## EXERCISE DETAILS
From the first line to the last, repeat the data exactly and drop the pictures.

## RECORDED DATA
★ ★ ★ ★ ★ ★ ★
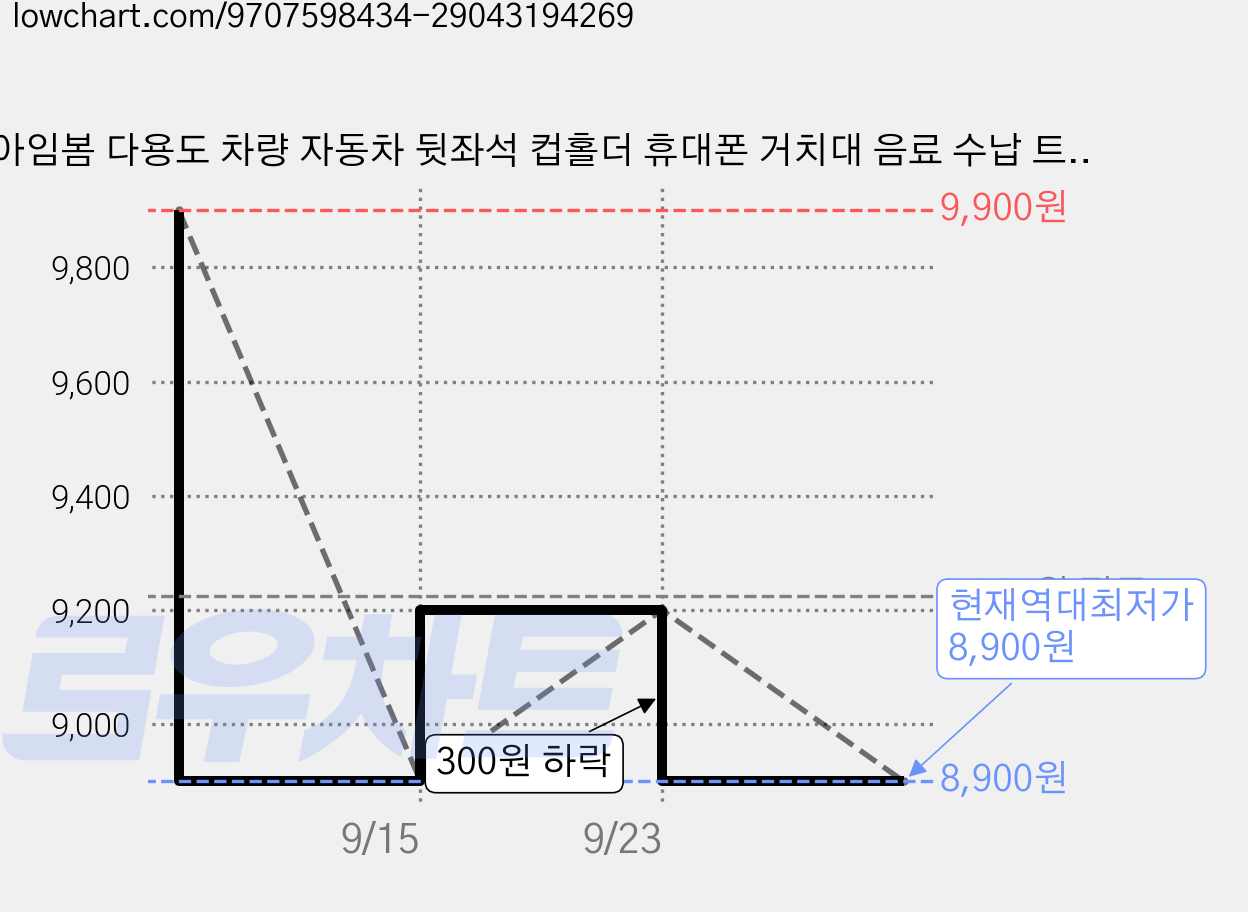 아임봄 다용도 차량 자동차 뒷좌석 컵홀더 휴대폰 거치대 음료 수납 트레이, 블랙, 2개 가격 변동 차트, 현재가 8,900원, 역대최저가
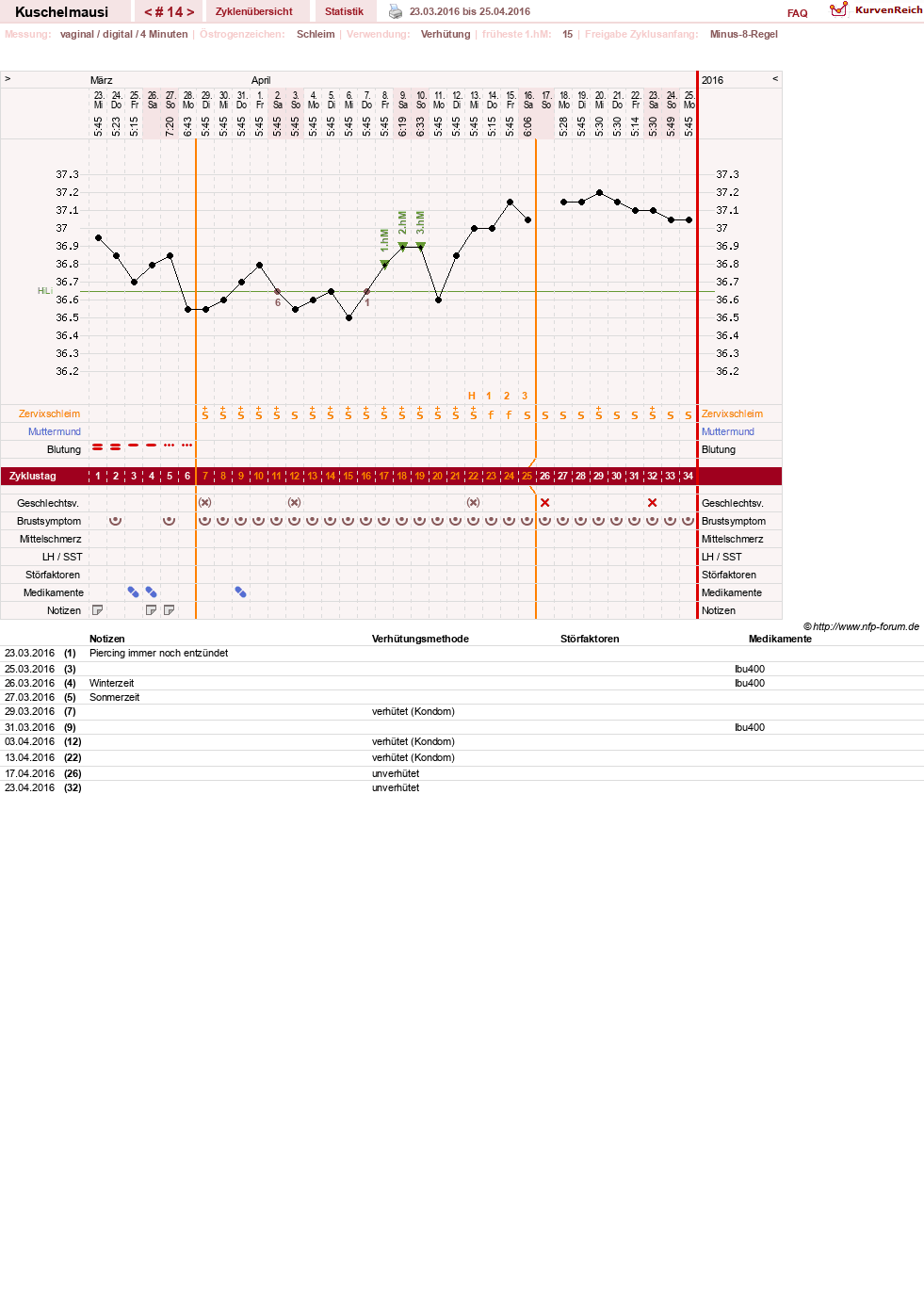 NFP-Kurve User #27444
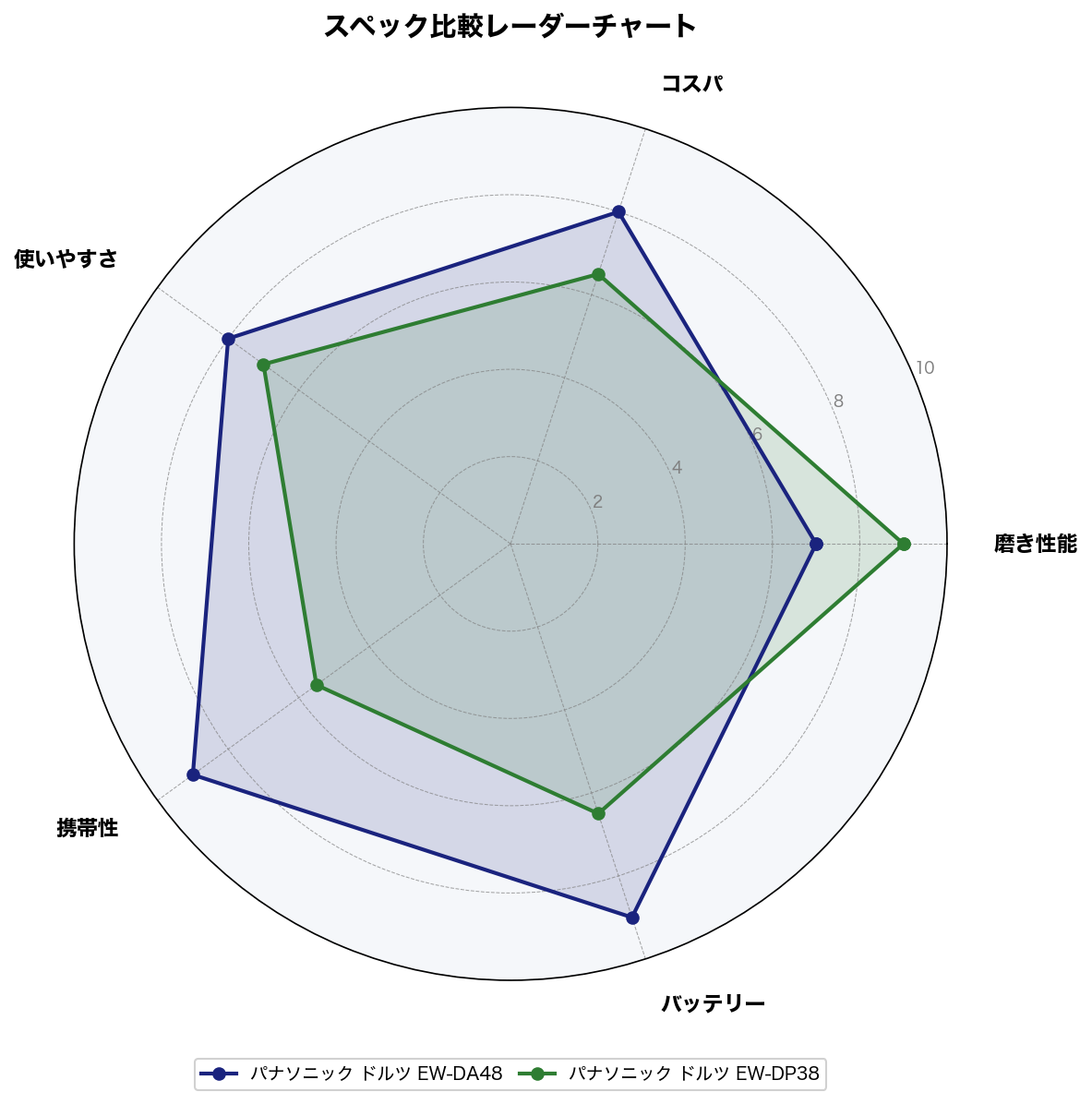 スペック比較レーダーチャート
★ ★ ★ ★ ★ ★ ★
## SOLUTION TO THIS TASK
 아임봄 다용도 차량 자동차 뒷좌석 컵홀더 휴대폰 거치대 음료 수납 트레이, 블랙, 2개 가격 변동 차트, 현재가 8,900원, 역대최저가
 NFP-Kurve User #27444
 スペック比較レーダーチャート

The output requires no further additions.